EXERCISE OBJECTIVE: Word for word, restate the lines of the data below between those holding "L-shaped modular reception" and "Bracciale rigido nero unisex", inclusive; pictures do not belong in the copy.

Brief descriptive captions:
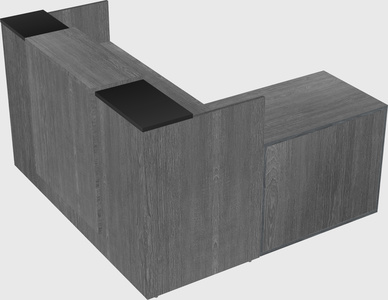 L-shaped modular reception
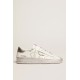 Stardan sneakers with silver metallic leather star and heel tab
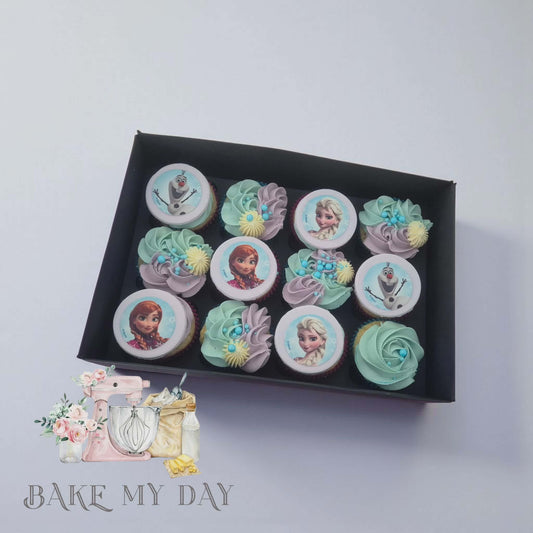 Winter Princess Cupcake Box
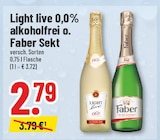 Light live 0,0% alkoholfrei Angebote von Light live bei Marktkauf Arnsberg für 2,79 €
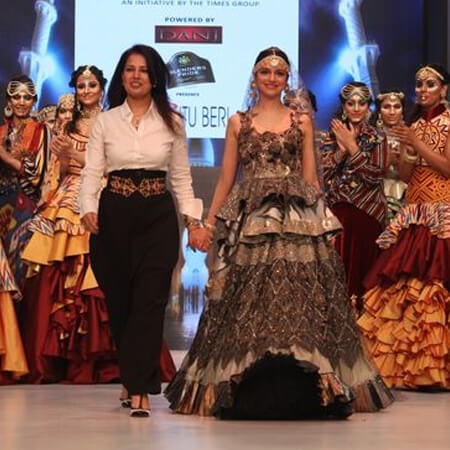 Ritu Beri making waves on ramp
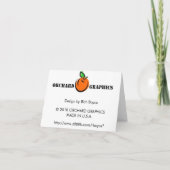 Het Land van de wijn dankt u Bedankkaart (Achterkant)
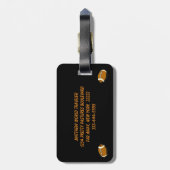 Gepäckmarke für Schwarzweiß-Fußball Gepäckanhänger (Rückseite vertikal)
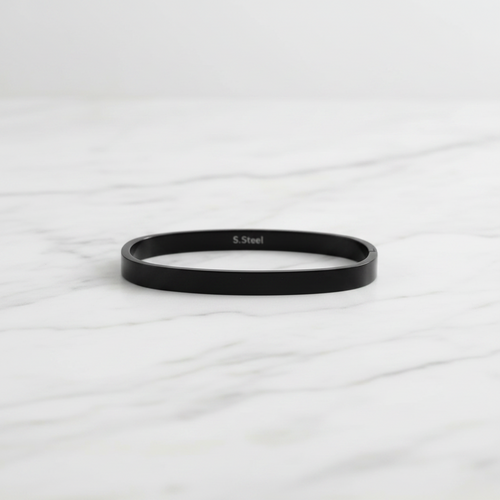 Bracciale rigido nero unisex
==
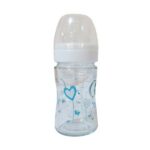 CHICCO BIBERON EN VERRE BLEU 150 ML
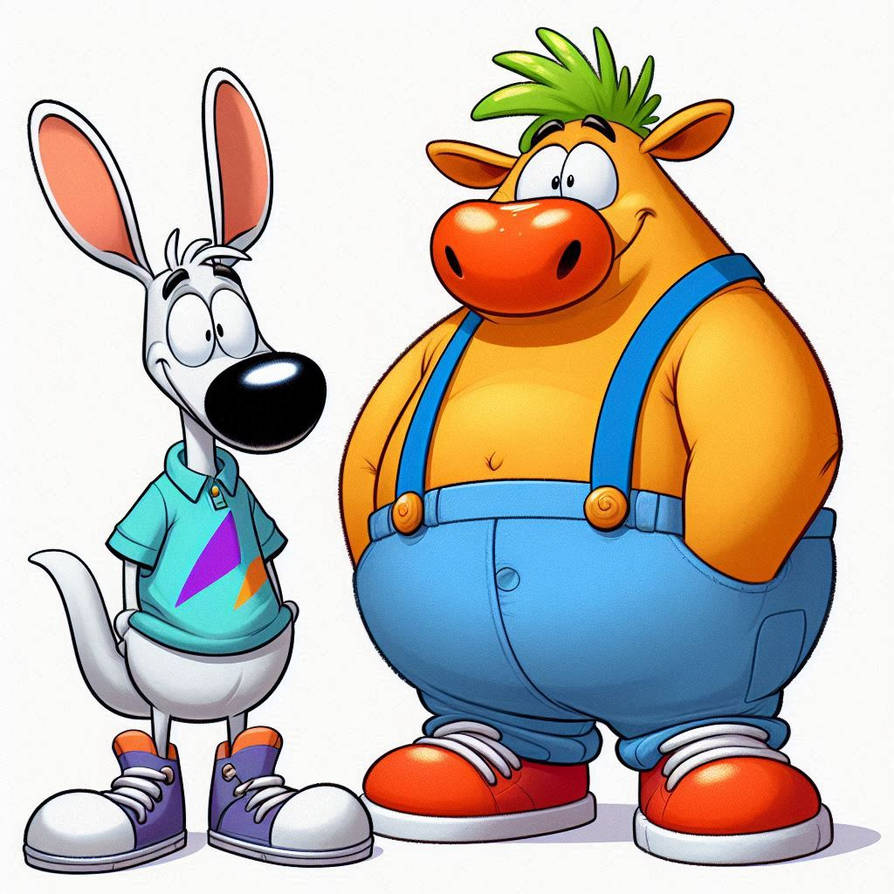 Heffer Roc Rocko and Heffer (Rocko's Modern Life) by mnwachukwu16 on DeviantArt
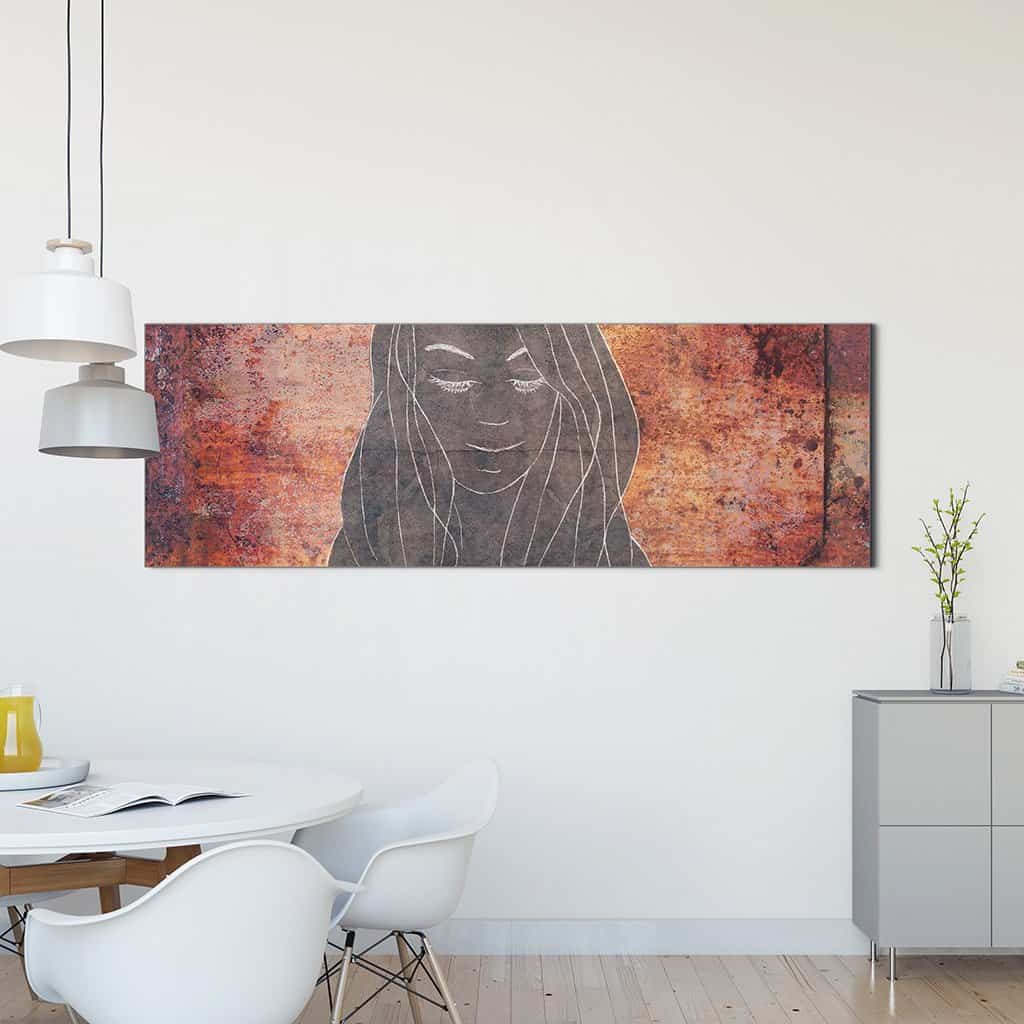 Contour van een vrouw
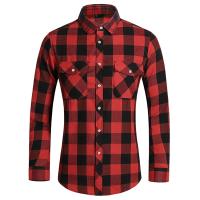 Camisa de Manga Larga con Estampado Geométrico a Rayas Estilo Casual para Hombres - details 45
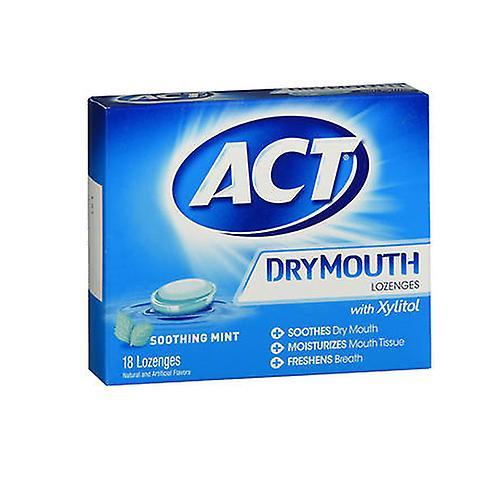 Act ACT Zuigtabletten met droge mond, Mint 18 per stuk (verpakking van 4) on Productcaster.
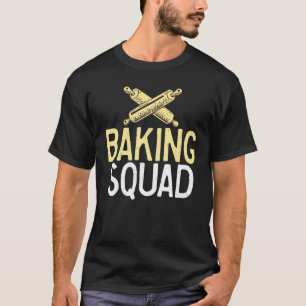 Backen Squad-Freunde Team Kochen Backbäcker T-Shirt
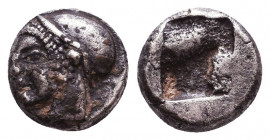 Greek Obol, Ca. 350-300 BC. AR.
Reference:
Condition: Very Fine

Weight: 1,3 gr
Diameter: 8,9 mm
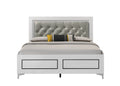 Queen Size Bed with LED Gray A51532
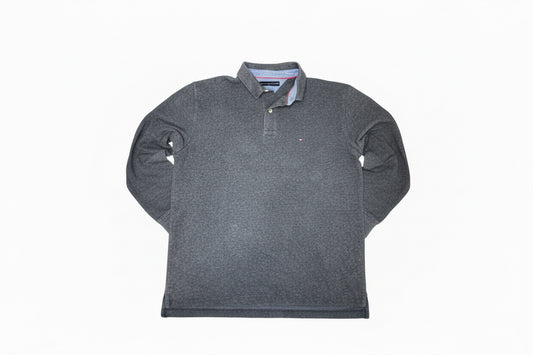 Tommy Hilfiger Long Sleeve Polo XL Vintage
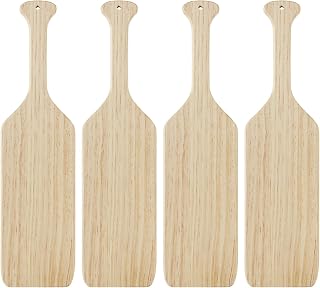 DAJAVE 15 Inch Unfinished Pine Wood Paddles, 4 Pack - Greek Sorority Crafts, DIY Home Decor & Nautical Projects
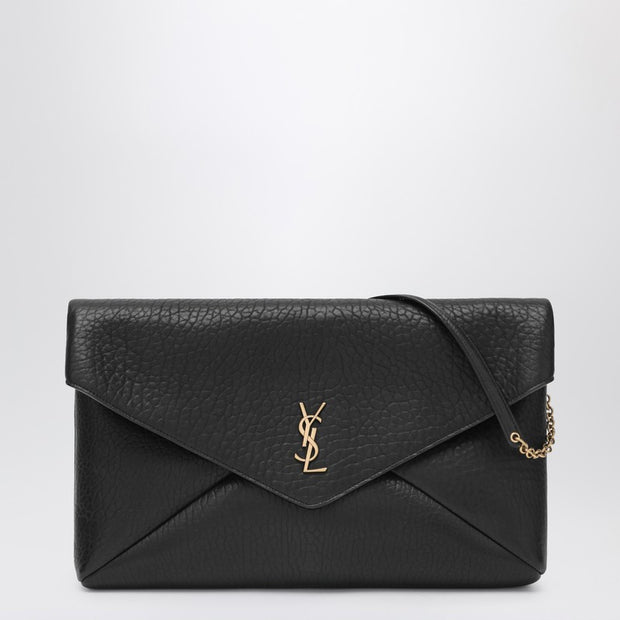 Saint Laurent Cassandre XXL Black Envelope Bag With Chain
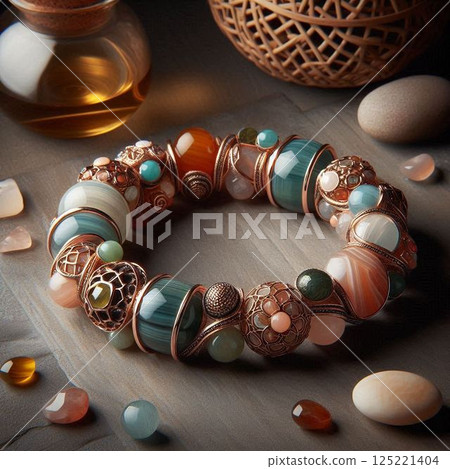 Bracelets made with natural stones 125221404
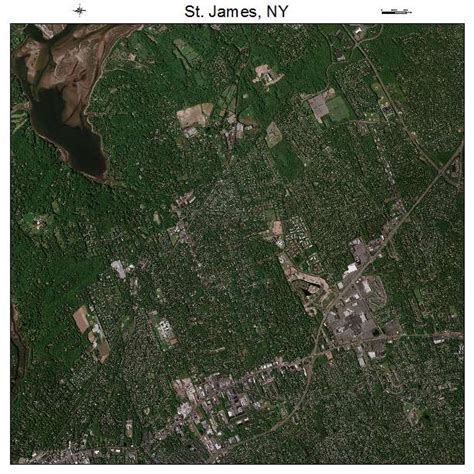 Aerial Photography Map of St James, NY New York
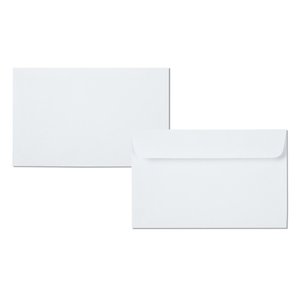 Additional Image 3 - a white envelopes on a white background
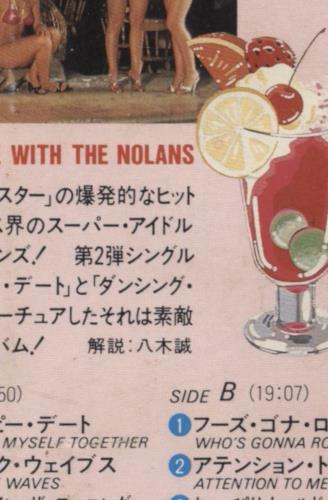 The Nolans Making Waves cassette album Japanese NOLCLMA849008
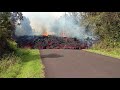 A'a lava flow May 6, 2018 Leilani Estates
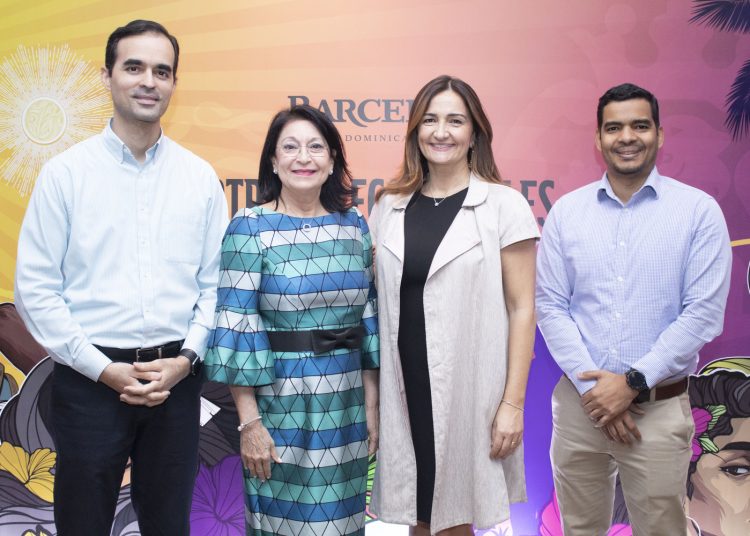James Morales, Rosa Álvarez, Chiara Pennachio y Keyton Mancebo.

RESULT:
 L-shaped modular reception
 Stardan sneakers with silver metallic leather star and heel tab
 Winter Princess Cupcake Box
 Light live 0,0% alkoholfrei Angebote von Light live bei Marktkauf Arnsberg für 2,79 €
 Ritu Beri making waves on ramp
 Het Land van de wijn dankt u Bedankkaart (Achterkant)
 Gepäckmarke für Schwarzweiß-Fußball Gepäckanhänger (Rückseite vertikal)
 Bracciale rigido nero unisex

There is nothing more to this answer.